Le changement climatique comme la biodiversité sont des risques d’importance financière qui doivent être pris en compte, mais cela ne signifie pas que nous devons attendre d’avoir les outils pour adopter une approche intégrée. Chez Robeco, nous abordons ces thèmes comme des priorités stratégiques distinctes mais liées, afin de leur accorder l’attention nécessaire et de réaliser une analyse solide. Nous nous basons sur les enseignements tirés de la feuille de route que nous avons élaborée pour atteindre la neutralité carbone, afin de définir notre stratégie en matière de biodiversité, les deux étant menées par notre stratégiste climat et biodiversité.
Nous reconnaissons que les outils et les données nécessaires ne sont pas aussi avancés que ceux relatifs au climat. Néanmoins, nous agissons là où nous le pouvons, en nous concentrant sur les principales répercussions sur la biodiversité dans chaque secteur, et en identifiant les grandes actions que les entreprises de ces secteurs peuvent mettre en œuvre pour réduire leur contribution à la perte de biodiversité.
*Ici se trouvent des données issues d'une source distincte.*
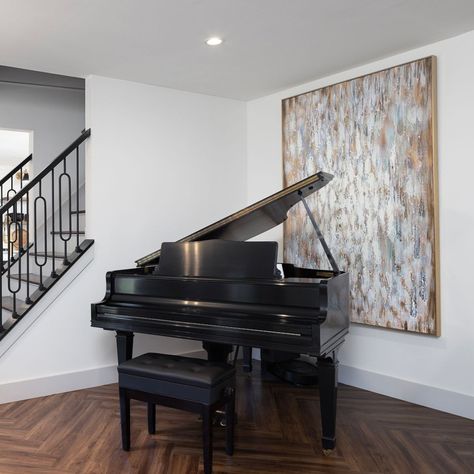 This Baby Grand Piano stands in the corner of the room, accompanied by oversized artwork giving this space a timeless luxury appeal. The dark wood floors add warmth back into the space. Notice how much a simple piece of art can transform the space! #westchesterohio #cincinnatidesign #artanddesign #modernartlovers Piano Corner, Piano Room Design, Grand Piano Living Room, Grand Piano Room, Piano Living Rooms, Oversized Artwork, Baby Grand Piano, Baby Grand Pianos, Piano Room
Les investisseurs peuvent se sentir dépassés par les nombreux aspects de la durabilité qui s’ajoutent à leur processus de décision. Chez Robeco, nous abordons le sujet à l’aide d’une évaluation solide de la matérialité pour chaque secteur et chaque enjeu de durabilité. Nous utilisons notre cadre ODD pour les Objectifs de développement durable qui concernent la biodiversité, le climat et d’autres aspects de la durabilité. Cela nous permet d’agréger dans un score unique les impacts sur la durabilité, tout en conservant la granularité sous-jacente des différents thèmes de la durabilité. Ainsi, nous abordons de multiples problèmes de façon simultanée tout en adoptant une approche modulaire et non intégrée.
Nous pouvons désormais nous attaquer aux deux aspects
Beaucoup de travail reste à accomplir. Pour stopper la perte de biodiversité, nous avons notamment besoin de trajectoires de transition dans chaque secteur, comme il en existe déjà en matière de décarbonation. Celles-ci serviront de références pour évaluer les entreprises de manière prospective quant à l’alignement de leurs activités sur les objectifs de l’accord de Kunming-Montréal.
Des méthodologies et des données relatives à la biodiversité sont rapidement mises au point pour faciliter les décisions d’investissement. Nous avons beaucoup appris de l’évaluation des risques et des opportunités liés au climat, ce que nous pouvons appliquer pour agir en vue de stopper la perte de biodiversité. Peut-être que grâce à ces enseignements, nous pourrons avancer plus vite dans la lutte contre la perte de biodiversité que dans celle contre le changement climatique.